ABOUT THIS EXERCISE:
The required output is the lines below from the line containing "Náhled nabídky: Pepco" to the line containing "नागपुरात सिंधी समाजासाठी ऐतिहासिक निर्णय", inclusive, retyped exactly. No other lines belong in it.

INFORMATION PROVIDED:
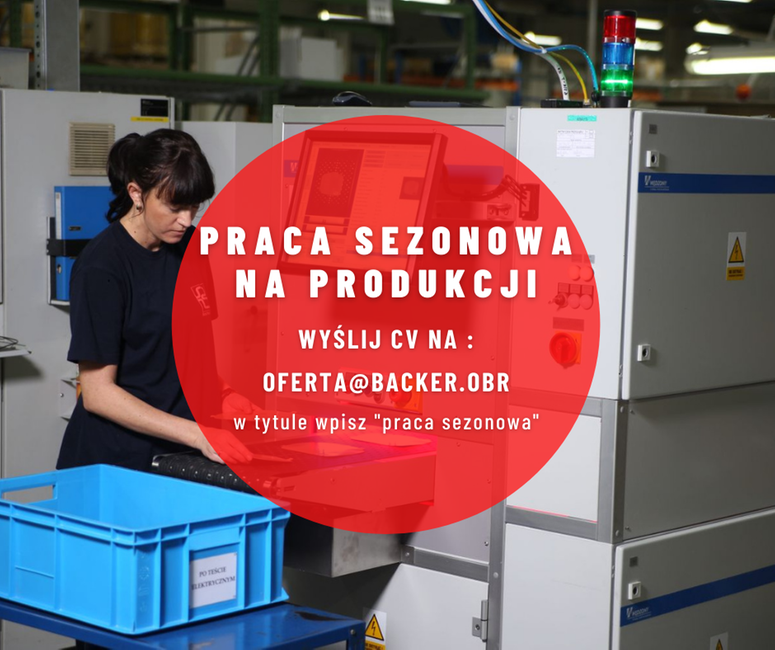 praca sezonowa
...
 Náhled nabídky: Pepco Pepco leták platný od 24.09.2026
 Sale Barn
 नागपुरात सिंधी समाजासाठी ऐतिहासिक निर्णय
---
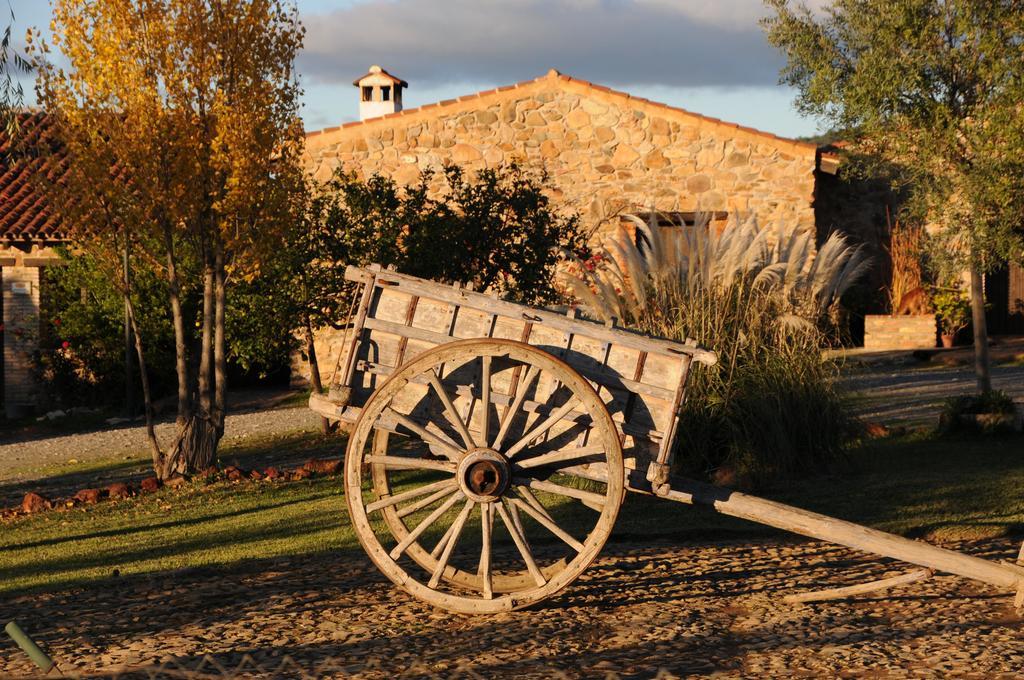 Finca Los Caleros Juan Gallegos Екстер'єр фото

ANSWER FOR THIS EXERCISE:
 Náhled nabídky: Pepco Pepco leták platný od 24.09.2026
 Sale Barn
 नागपुरात सिंधी समाजासाठी ऐतिहासिक निर्णय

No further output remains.